04-12-2007, 04:56 PM
Gonzaga University head men’s basketball coach Mark Few has announced changes to his staff.

In the wake of former assistant Bill Grier leaving to take the head coaching position at the University of San Diego, Few said he is promoting assistant coach Leon Rice to associate head coach and also elevating assistant coach Tommy Lloyd. Few also officially announced the addition of former University of Utah and Eastern Washington University head coach Ray Giacoletti to his staff.

“Leon and Tommy have been extremely integral parts of our success,” Few said. “They deserve to be rewarded for what they’ve done to keep Gonzaga among the elite teams in NCAA Division I basketball. Ray will be a great addition to our staff. He knows us, knows our style and we’ve had a long-time association, so I don’t think we’ll miss a beat. I’m looking forward to working with this staff.”

Rice was the inaugural hire for Few when he assumed the head coaching position in the summer of 1999.

And since becoming a Bulldog, Rice has contributed to the wildest ride in Gonzaga’s storied basketball history. In his eight seasons Rice has been a major part of the Bulldogs’ NCAA Sweet 16 berths in 2000, 2001, and 2006; a NCAA berth in 2002; a 2003 NCAA second-round appearance that ended with a thrilling, albeit disappointing, 96-95 double-overtime loss to top-seeded University of Arizona and second-round rides again in 2004 and ’05. This past season the Bulldogs made their ninth straight trip to the NCAA Tournament, and Rice has been a part of the last eight. The Bulldogs finished the 2004 season ranked third in the final Associated Press Top 25, and followed that with a No. 10 ranking in 2005 and a No. 5 spot in the final 2006 AP poll.

"Coaching both as a head coach and a Division I assistant, Leon has been a fantastic addition to our staff. To be able to get someone with as much experience as Leon has recruiting on the road and knowing the ins and outs of the Northwest was a big advantage for us," Few said at the time of Rice’s hiring. "He has grown with this program and has been a great asset for me to rely on the past eight seasons. He’ll continue to help lead this program to the next level with his high level of enthusiasm and his positive attitude.”
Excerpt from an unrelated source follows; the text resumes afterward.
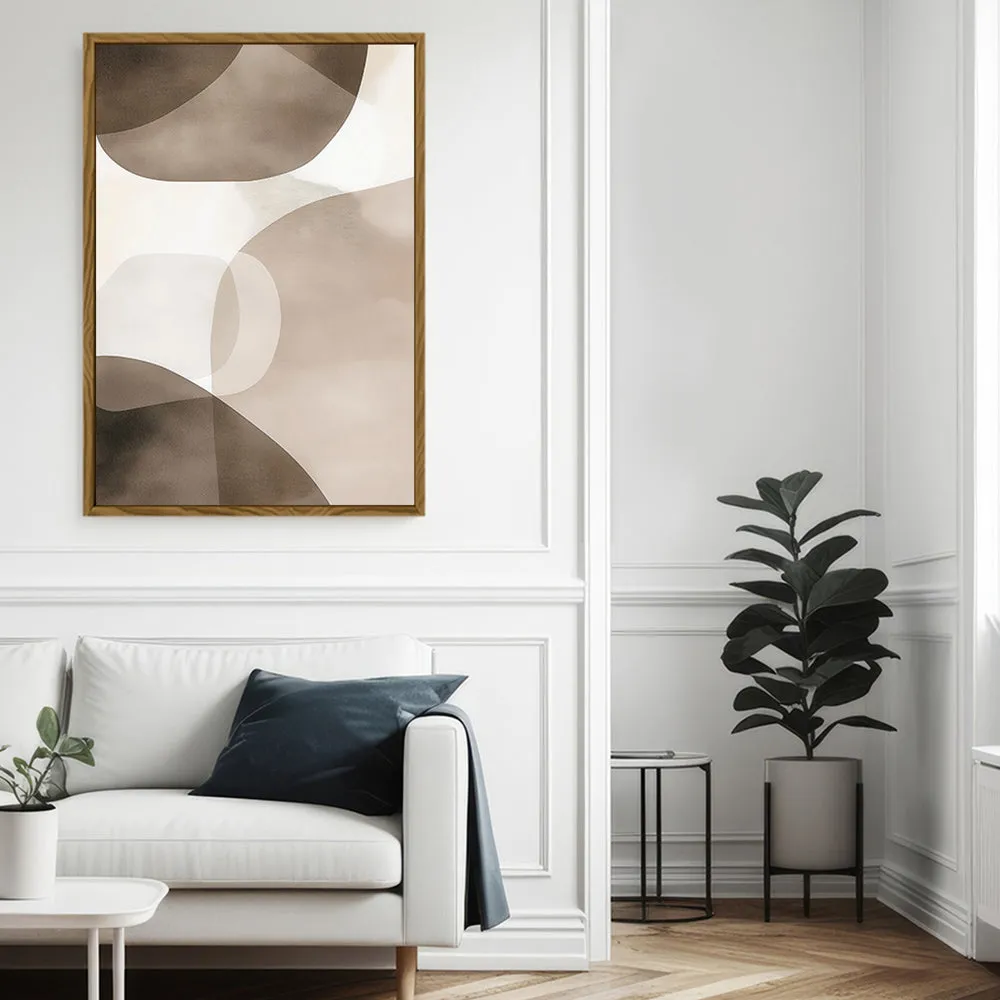 Canvas Wall Art Stretched Over Wooden Frame with Floating Frame and Brown Squares Abstract Painting CV4135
Gonzaga is 211-52 in Rice’s tenure, including a school-best 29-4 record in 2002 – a record that was matched in 2006 – and a No. 6 ranking in the final Associated Press Top 25 poll and a berth in the NCAA Tournament. The Bulldogs received their best-ever seed into the 2004 NCAA Tournament at No. 2.

Rice joined the Bulldogs from Yakima Valley College where he served two seasons as an assistant coach and one as co-head coach with the legendary Dean Nicholson, then served as head coach for the 1998-99 campaign. YVC went from worst to first in the first season of the Rice-Nicholson partnership, and in 1999 YVC went 31-2 in capturing its fourth straight Northwest Athletic Association of Community Colleges (NWAACC) Eastern Region title. The 31 wins were a school record and came four seasons after Rice and Nicholson inherited a program which had gone 3-20 overall during the 1994-95 season. YVC went a perfect 12-0 in the NWAACC in 1999 and Rice earned his second straight Eastern Region Coach of the Year honor.

The duo coached YVC to a 103-26 overall record and 40-8 league record in four seasons. Rice has coached 18 student-athletes who have gone on to play basketball at 4-year schools, including the Bulldogs' Quentin Hall who was a 1999 Gonzaga senior. YVC had six players from the 1999 squad who joined 4-year programs.

After one year of high school coaching, he began his collegiate career as a graduate assistant coach at Oregon in 1989, then served two seasons as a fulltime assistant coach for the Ducks. He was the head assistant coach at the University of Northern Colorado in Greeley for three seasons prior to going to YVC.

Lloyd joined Few's fulltime staff for the 2001-02 season after serving as an administrative assistant the previous season.

“Tommy is one of the great young coaches in the game,” Few said. “He is very well connected nationally and internationally and has been a big plus in all our recruiting of our foreign players. He has also done an excellent job on the court with his coaching and game preparation. He continues to grow as a coach and I think he has a bright future in this profession.”

A 1993 graduate of Kelso, Wash., High, Lloyd attended Walla Walla Community College for two seasons and graduated from Whitman College in Walla Walla, Wash., in 1998.

While at WWCC he was an All-Northwest Athletic Association of Community College (NWAACC) All-Easton Region selection in 1995. He set the WWCC single-game scoring record with 52 points against Treasure Valley CC. He was also the leading scorer in the NWAACC All-Star game with 22 points his sophomore season.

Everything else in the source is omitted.